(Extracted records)

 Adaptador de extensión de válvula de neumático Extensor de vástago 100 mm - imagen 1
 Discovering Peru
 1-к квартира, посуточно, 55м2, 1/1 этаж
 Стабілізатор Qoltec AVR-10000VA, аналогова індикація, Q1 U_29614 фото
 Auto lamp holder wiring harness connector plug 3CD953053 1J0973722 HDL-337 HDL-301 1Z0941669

...

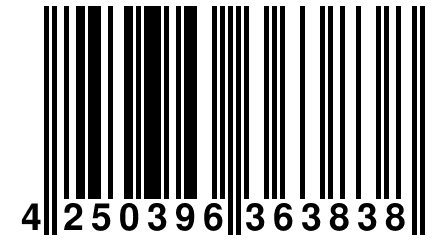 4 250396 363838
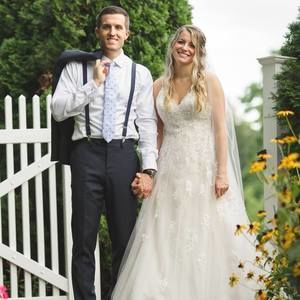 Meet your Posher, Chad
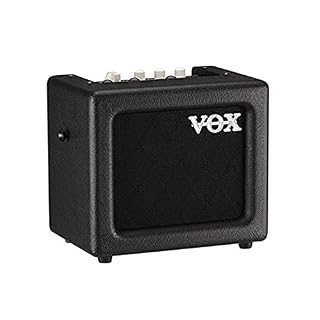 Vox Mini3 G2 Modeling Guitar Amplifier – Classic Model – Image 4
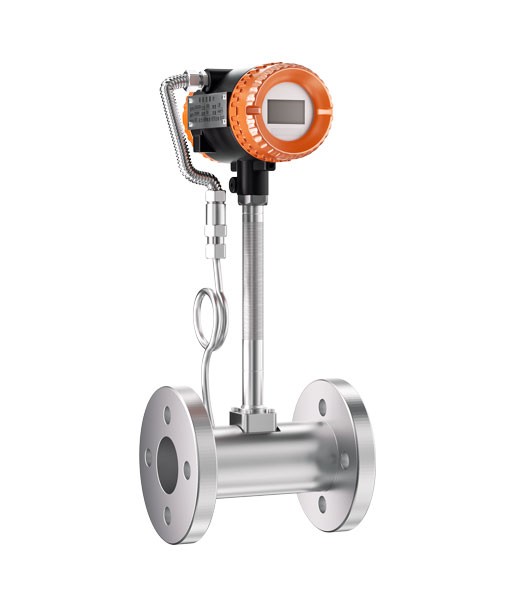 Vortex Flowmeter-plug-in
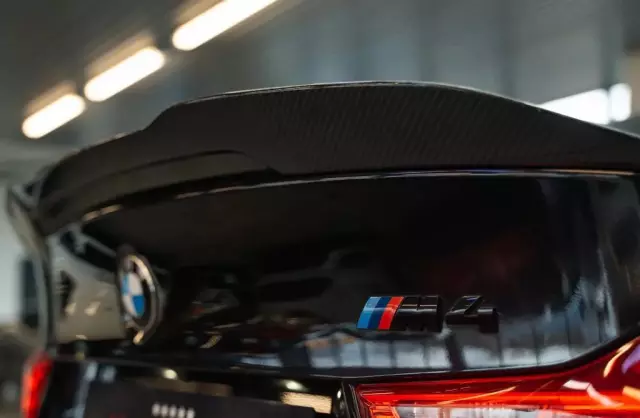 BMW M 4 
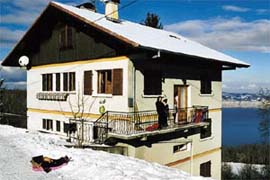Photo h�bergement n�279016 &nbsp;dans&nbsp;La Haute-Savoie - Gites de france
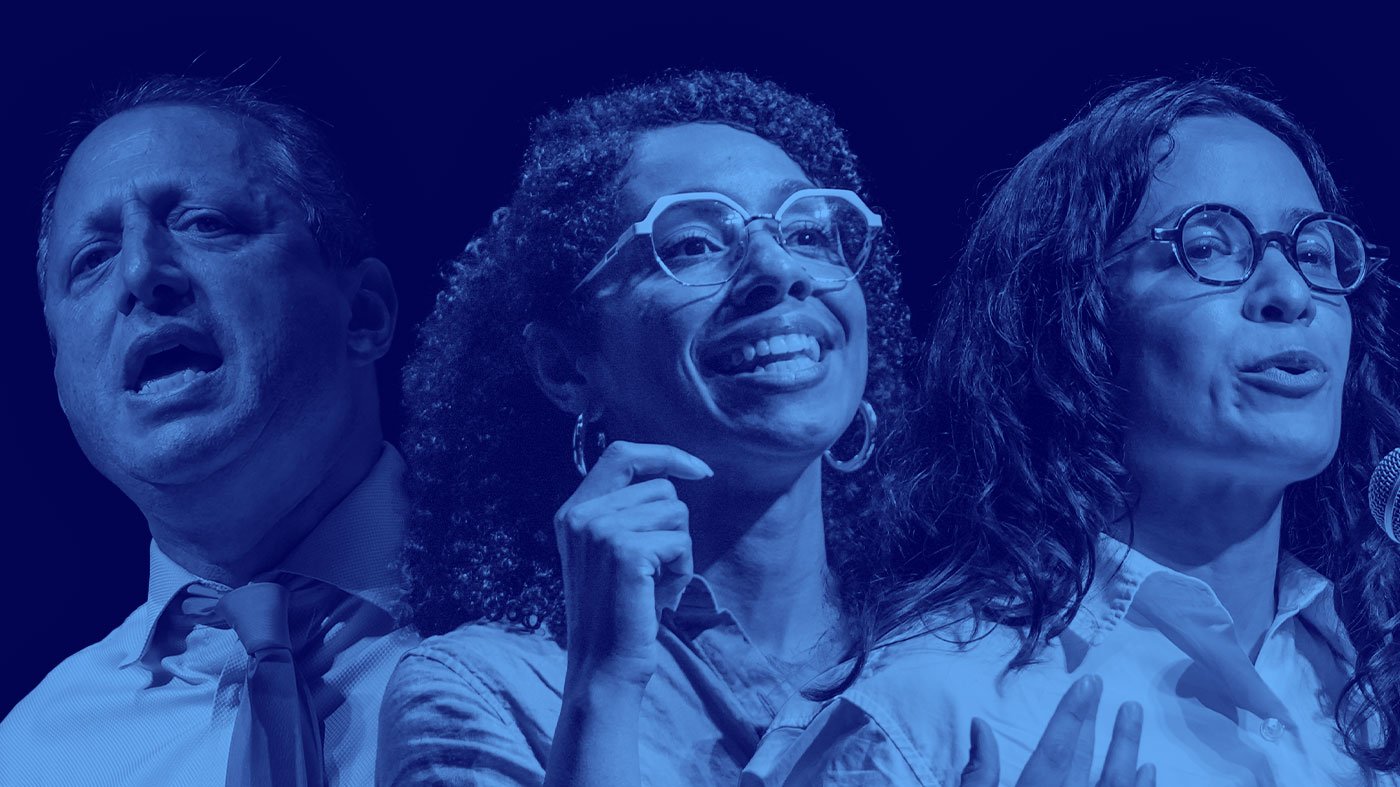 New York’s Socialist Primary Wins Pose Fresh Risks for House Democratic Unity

#### Instructions to follow
The stretch above running from the line with "Vox Mini3 G2 Modeling Guitar" through the line with "New York’s Socialist" is all you should copy, exactly, leaving out the pictures.

#### Answer section
 Vox Mini3 G2 Modeling Guitar Amplifier – Classic Model – Image 4
 Vortex Flowmeter-plug-in
 BMW M 4 
Photo h�bergement n�279016 &nbsp;dans&nbsp;La Haute-Savoie - Gites de france
 New York’s Socialist Primary Wins Pose Fresh Risks for House Democratic Unity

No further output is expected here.